All lines in the records below from the line with "Maglia in Puro" through the line with "Filet d'oeil ou" are to be given again exactly, both ends included; the pictures are to be left out.

▶ [Record excerpts]
******

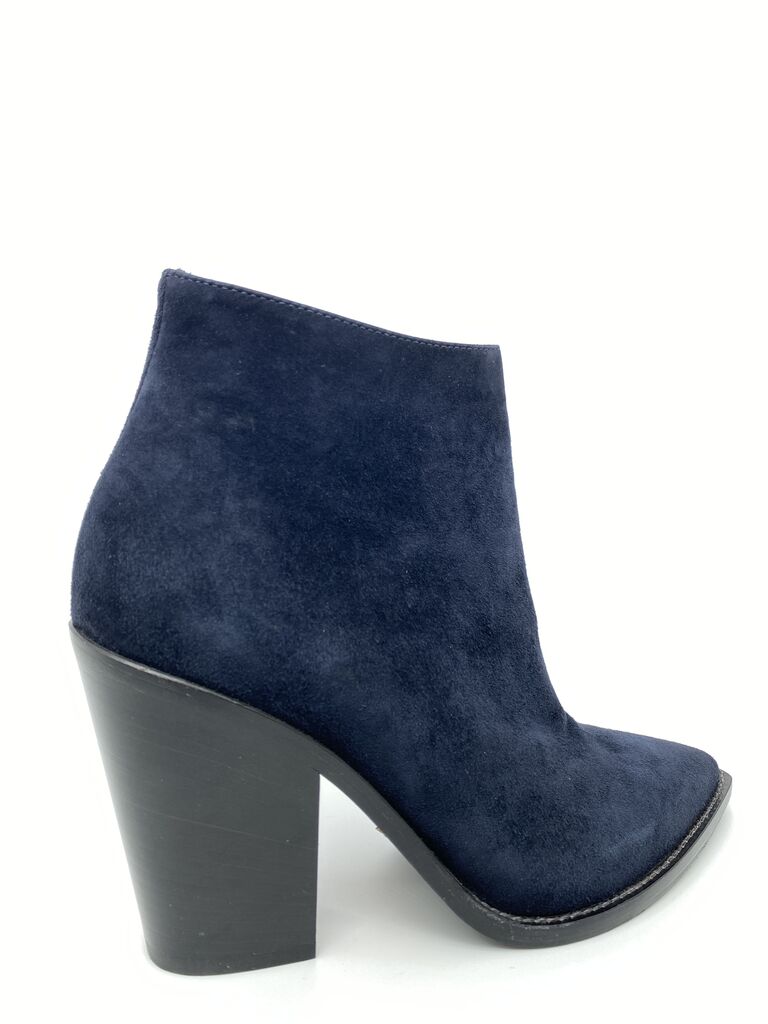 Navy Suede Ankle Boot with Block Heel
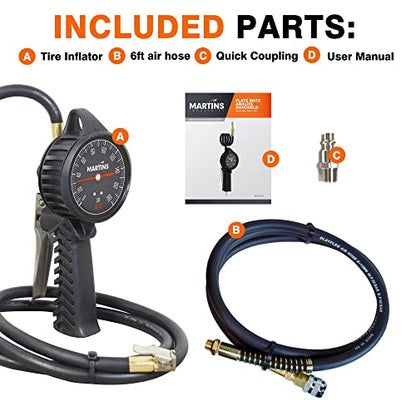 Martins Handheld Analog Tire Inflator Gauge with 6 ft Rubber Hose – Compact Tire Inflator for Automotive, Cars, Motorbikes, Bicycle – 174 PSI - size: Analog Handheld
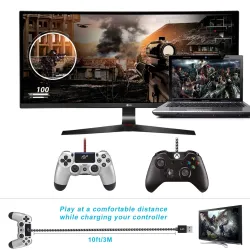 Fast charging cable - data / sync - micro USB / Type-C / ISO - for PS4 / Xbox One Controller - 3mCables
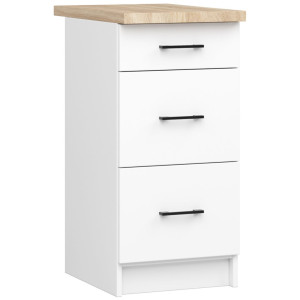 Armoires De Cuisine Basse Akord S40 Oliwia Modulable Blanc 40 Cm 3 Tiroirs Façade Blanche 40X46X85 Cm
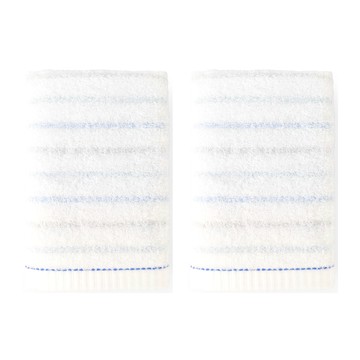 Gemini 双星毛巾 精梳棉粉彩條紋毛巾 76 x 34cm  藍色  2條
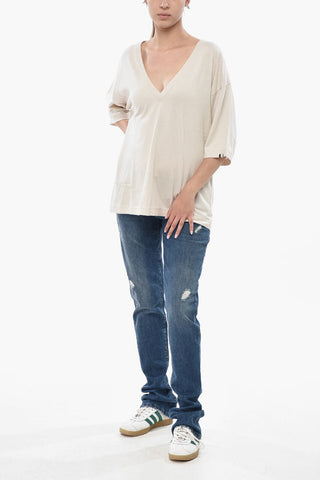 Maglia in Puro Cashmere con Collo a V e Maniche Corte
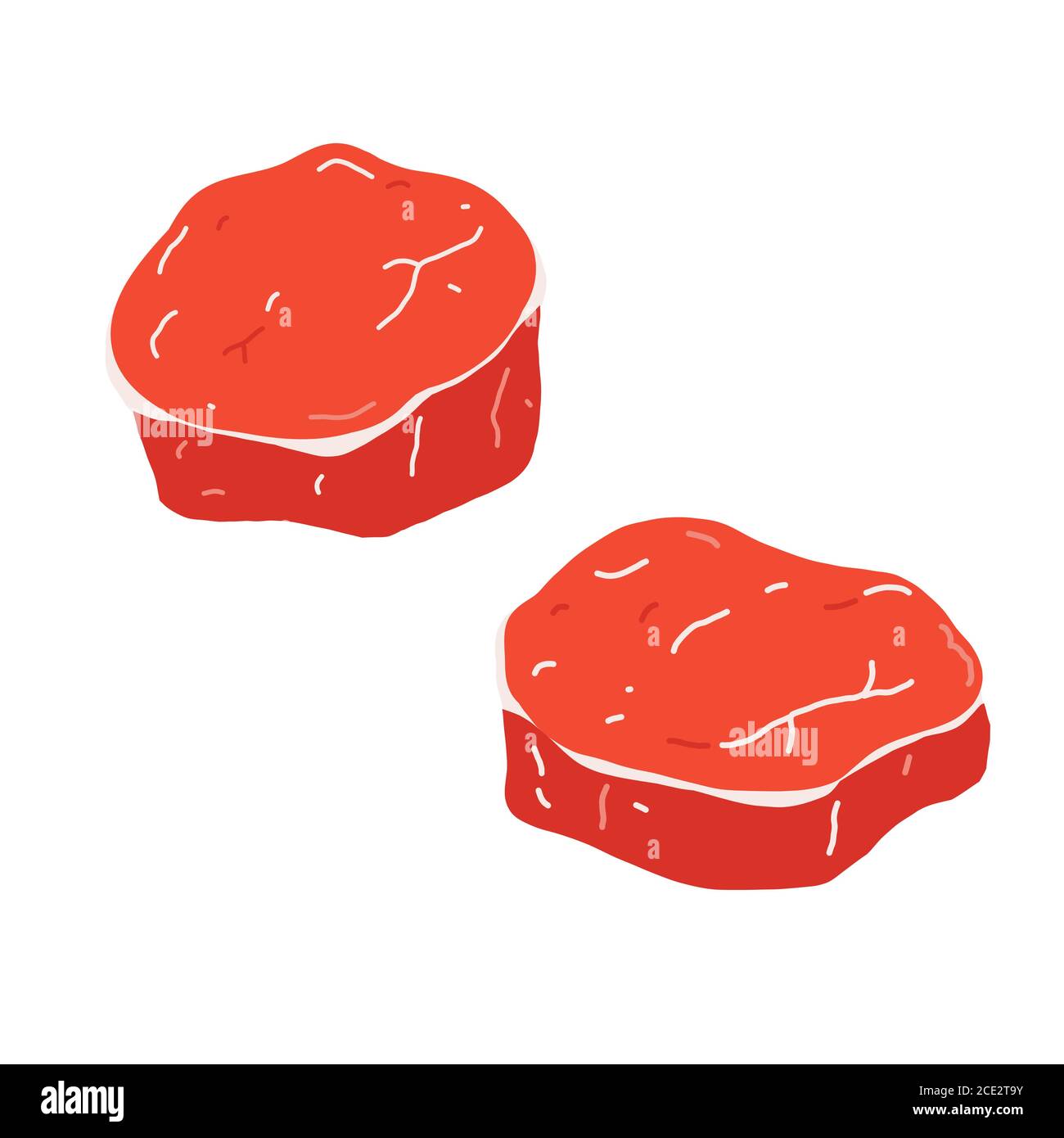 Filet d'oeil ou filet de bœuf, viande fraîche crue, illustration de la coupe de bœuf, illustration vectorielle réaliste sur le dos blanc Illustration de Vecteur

******

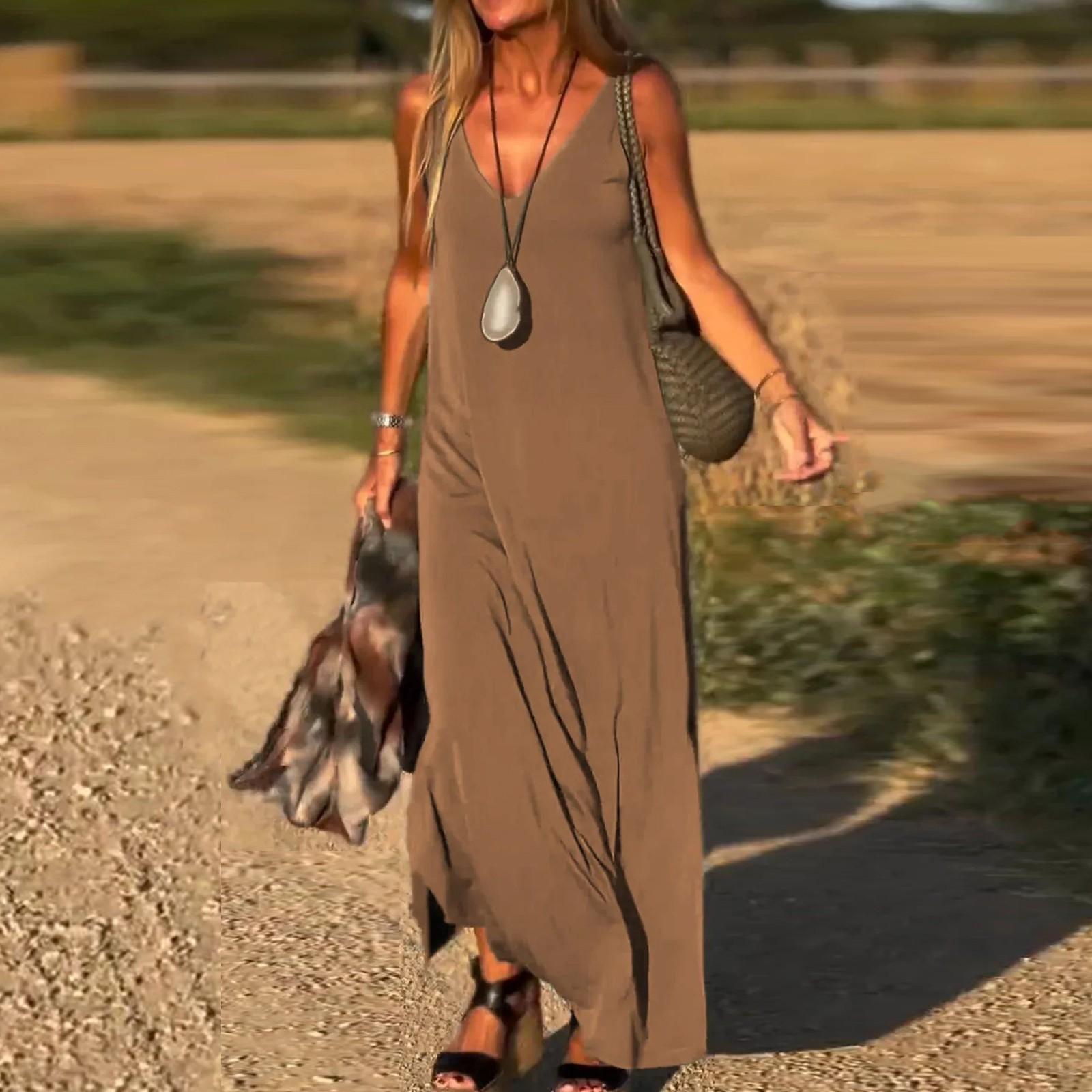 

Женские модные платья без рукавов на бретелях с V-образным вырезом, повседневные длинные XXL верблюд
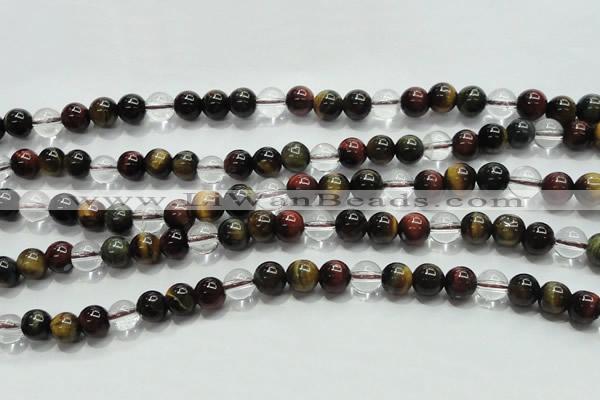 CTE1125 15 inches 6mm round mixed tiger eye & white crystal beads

******

▶ [Problem solution]
 Maglia in Puro Cashmere con Collo a V e Maniche Corte
 Filet d'oeil ou filet de bœuf, viande fraîche crue, illustration de la coupe de bœuf, illustration vectorielle réaliste sur le dos blanc Illustration de Vecteur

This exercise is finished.